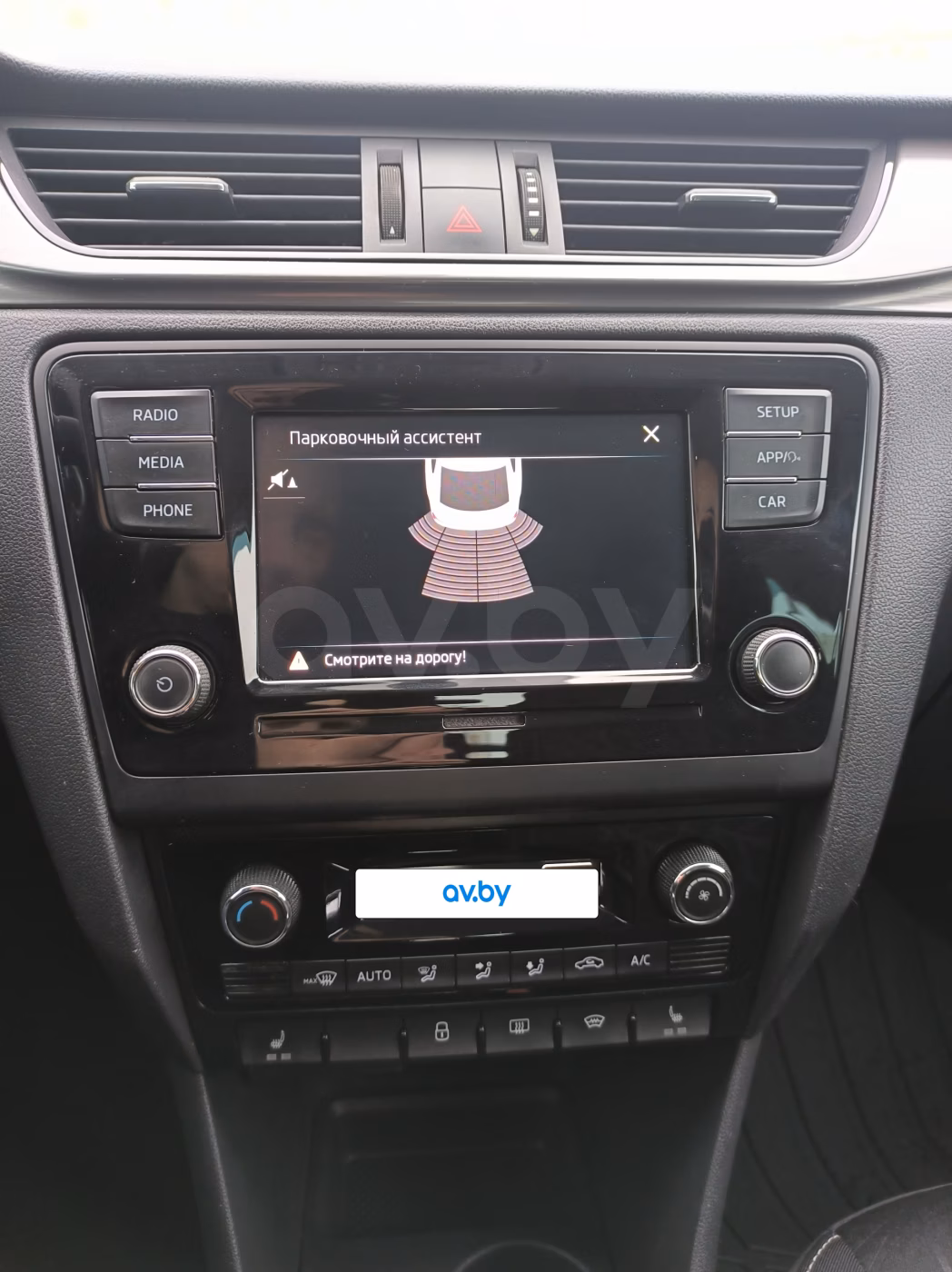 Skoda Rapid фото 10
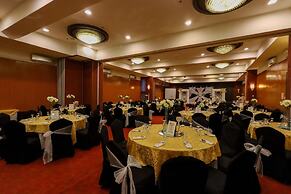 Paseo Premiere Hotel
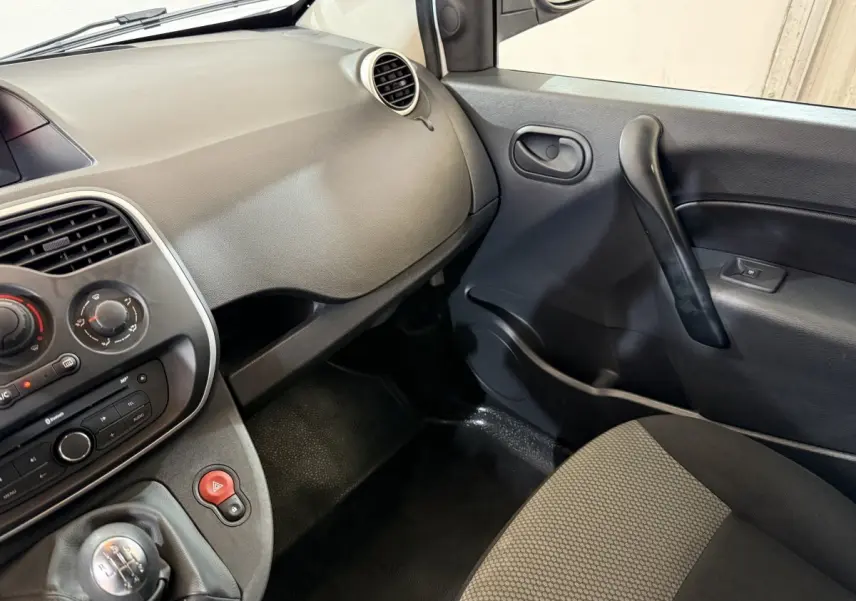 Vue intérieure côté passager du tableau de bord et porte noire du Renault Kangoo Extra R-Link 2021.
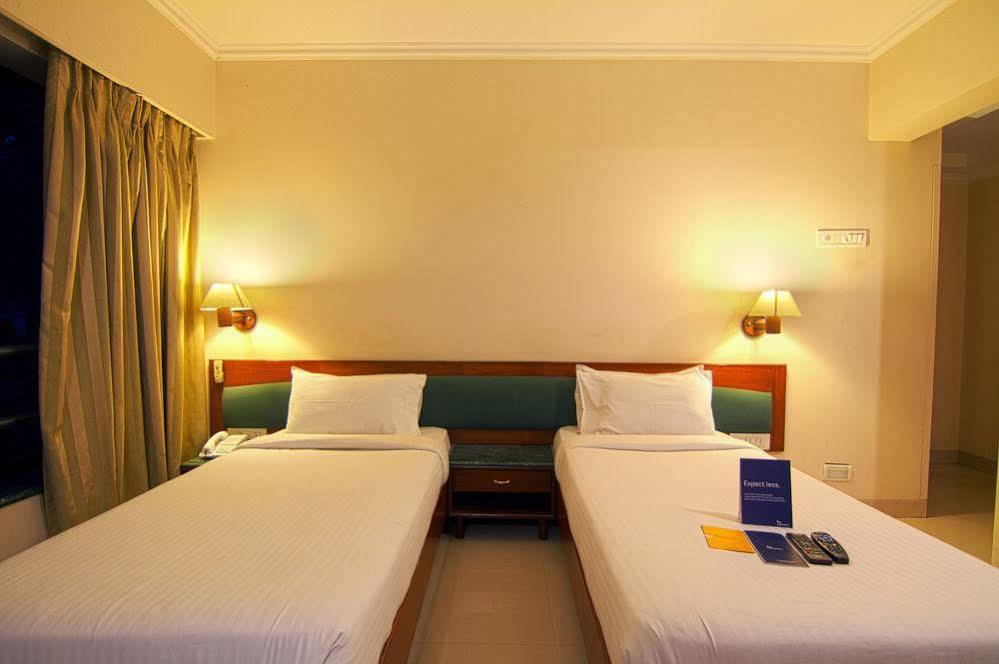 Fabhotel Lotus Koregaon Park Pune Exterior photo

══════

* [Your objective] Before copying the data, remove the pictures. Then repeat the rest exactly.

* [Output below]
 Skoda Rapid фото 10
 Paseo Premiere Hotel
 Vue intérieure côté passager du tableau de bord et porte noire du Renault Kangoo Extra R-Link 2021.
 Fabhotel Lotus Koregaon Park Pune Exterior photo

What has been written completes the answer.